The fundamental right of all citizens in a Westminister style democracy is to be able to visit and observe the proceedings of the Parliament. This was first eroded by the concept of fencing the grounds and making everyone report to a security guard and will now be further restricted. The purpose of having public access is to ensure that the public at least knows what their representatives are saying in Parliament and this cannot be kept secret. Closing off the parliament would mean that ordinary citizens may never know what their representatives are saying or even if they bother to attend the sessions.
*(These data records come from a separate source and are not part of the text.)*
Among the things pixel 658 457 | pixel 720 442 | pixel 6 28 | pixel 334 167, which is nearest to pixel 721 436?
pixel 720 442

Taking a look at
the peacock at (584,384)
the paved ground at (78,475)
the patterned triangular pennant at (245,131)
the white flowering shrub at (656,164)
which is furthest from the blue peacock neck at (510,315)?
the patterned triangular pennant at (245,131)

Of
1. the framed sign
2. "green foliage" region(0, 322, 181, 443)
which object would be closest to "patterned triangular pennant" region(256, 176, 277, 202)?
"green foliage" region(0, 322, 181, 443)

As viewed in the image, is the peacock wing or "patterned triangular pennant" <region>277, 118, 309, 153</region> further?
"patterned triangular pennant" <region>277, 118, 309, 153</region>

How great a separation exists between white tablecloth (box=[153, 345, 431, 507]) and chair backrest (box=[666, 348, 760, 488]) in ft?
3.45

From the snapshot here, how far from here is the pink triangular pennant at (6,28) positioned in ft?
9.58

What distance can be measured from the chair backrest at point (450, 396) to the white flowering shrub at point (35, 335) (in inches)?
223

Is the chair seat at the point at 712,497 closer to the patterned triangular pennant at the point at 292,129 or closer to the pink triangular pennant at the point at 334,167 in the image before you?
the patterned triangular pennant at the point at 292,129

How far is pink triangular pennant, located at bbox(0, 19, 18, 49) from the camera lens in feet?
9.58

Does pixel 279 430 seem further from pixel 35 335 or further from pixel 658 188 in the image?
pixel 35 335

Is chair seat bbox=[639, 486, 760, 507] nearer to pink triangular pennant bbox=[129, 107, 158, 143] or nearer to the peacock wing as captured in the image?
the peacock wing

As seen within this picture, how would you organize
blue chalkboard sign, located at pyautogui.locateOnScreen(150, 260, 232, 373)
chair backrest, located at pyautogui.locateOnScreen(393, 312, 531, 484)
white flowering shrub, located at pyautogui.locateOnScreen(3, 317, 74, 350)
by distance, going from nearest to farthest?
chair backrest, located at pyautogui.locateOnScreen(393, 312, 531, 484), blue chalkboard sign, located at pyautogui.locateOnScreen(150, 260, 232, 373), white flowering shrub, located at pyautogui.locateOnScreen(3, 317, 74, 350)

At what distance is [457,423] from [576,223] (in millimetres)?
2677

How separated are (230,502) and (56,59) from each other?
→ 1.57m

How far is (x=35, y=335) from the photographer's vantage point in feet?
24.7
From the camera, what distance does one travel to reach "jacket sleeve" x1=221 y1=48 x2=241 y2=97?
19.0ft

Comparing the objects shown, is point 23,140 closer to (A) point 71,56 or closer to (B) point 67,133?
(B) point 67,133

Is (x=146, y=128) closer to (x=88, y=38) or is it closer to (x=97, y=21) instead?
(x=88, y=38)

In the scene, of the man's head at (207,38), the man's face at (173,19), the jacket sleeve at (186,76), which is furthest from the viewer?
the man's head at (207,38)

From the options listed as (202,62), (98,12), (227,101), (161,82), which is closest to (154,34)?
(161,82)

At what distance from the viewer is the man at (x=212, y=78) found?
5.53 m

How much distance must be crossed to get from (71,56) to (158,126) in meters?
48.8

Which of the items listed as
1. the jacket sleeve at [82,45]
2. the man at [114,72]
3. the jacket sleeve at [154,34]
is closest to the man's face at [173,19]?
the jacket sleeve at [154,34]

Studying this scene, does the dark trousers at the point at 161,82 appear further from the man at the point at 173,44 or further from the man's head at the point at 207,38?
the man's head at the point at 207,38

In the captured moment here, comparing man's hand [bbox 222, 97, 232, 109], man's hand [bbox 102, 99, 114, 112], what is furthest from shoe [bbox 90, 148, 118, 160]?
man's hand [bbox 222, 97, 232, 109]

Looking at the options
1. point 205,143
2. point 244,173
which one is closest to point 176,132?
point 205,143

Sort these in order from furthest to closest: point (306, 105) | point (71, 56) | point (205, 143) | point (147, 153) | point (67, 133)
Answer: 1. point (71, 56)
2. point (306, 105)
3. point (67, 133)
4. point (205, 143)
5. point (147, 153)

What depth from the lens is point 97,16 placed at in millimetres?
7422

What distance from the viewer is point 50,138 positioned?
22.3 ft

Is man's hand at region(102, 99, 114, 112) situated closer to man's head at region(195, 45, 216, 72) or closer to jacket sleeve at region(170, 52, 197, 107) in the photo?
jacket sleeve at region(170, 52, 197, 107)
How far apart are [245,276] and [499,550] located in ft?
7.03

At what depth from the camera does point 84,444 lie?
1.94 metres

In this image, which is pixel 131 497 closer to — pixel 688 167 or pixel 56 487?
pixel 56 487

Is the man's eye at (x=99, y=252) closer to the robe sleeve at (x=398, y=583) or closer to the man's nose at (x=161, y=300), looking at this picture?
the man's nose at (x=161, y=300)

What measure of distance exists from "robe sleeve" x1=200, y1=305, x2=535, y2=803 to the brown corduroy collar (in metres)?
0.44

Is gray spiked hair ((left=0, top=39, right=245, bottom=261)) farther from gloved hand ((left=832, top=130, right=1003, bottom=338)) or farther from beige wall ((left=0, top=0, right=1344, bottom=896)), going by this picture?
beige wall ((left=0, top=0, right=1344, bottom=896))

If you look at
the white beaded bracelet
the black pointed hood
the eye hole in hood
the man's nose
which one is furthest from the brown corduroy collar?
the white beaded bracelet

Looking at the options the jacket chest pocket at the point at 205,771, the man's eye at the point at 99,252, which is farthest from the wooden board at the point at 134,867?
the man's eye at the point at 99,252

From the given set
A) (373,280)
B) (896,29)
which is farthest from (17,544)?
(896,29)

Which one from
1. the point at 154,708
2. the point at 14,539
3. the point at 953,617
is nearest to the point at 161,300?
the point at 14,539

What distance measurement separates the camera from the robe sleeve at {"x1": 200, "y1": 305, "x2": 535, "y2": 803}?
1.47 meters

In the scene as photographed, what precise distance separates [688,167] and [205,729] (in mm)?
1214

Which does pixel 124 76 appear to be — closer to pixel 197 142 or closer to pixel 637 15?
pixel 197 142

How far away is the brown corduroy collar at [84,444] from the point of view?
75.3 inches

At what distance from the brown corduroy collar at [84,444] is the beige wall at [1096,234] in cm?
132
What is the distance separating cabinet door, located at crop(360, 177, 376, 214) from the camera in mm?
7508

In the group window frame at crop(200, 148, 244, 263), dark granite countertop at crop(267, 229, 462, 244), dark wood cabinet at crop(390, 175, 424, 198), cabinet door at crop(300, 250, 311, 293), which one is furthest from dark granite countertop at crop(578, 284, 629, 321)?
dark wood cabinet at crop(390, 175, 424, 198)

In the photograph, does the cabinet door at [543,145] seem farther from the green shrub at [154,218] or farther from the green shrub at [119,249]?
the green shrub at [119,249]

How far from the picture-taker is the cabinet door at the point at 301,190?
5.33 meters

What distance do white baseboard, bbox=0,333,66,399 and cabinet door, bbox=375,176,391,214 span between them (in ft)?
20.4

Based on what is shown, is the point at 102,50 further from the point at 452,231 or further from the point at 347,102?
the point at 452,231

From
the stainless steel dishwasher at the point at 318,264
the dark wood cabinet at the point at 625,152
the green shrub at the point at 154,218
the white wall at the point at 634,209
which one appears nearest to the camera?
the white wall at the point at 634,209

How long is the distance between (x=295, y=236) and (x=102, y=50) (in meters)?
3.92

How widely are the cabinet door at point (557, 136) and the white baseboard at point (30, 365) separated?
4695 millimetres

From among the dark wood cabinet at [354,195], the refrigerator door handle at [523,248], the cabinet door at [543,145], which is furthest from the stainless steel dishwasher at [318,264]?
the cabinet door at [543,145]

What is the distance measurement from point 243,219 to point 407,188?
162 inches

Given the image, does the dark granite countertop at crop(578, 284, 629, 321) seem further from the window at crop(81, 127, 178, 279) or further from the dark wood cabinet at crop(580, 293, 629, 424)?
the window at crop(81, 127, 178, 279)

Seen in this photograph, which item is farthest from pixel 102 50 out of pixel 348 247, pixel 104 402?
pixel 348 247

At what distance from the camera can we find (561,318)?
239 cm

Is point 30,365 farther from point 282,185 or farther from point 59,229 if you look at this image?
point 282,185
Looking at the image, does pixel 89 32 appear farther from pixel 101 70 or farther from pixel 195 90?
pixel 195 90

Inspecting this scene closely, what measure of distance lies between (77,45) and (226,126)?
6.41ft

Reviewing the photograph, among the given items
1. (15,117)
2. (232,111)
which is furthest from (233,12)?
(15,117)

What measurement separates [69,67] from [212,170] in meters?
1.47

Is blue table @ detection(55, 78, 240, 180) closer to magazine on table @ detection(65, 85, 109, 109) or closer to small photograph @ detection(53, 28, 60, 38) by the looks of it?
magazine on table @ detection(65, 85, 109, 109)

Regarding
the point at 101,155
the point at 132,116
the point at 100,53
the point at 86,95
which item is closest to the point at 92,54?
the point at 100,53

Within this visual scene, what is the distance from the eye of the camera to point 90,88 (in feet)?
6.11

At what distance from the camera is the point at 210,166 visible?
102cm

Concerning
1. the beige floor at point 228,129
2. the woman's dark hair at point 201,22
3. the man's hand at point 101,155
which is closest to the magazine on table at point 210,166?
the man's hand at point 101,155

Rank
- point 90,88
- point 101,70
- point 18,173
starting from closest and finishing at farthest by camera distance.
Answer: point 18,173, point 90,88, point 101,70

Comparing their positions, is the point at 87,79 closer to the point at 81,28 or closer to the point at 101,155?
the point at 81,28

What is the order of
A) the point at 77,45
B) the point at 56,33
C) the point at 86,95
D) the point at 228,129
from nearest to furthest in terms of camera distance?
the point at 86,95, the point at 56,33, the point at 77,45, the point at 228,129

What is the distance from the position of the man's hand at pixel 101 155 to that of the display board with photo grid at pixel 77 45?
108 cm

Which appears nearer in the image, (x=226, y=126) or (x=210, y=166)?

"These restrictions run counter to the very basis of democracy" said Mike Manning, Chairman of TI (PNG) "every time the government restricts the access of people to information, transparency is reduced and the opportunity for corrupt and dishonest practices is increased".
The proposed new dress codes for visitors would discriminate against ordinary Papua New Guineans, many of whom would not own a tie and would not necessarily be able to dress according to the Speaker's standards. "Ordinary Papua New Guineans deserve the same basic human rights as the rich and the Speaker has to be careful that he is not excluding the very people who should be allowed to have access to see how their Parliament functions" said Mr. Manning.
TI (PNG) also questioned the proposal to station mobile squad police around the Parliament. Democracy relies on the absence of force and the introduction of police guards will inevitably discourage families and their young from visiting the seat of their government. The elite will become even more divorced from the people they are supposed to represent and the trend for members of Parliament to be isolated from the people in their electorates will be accelerated.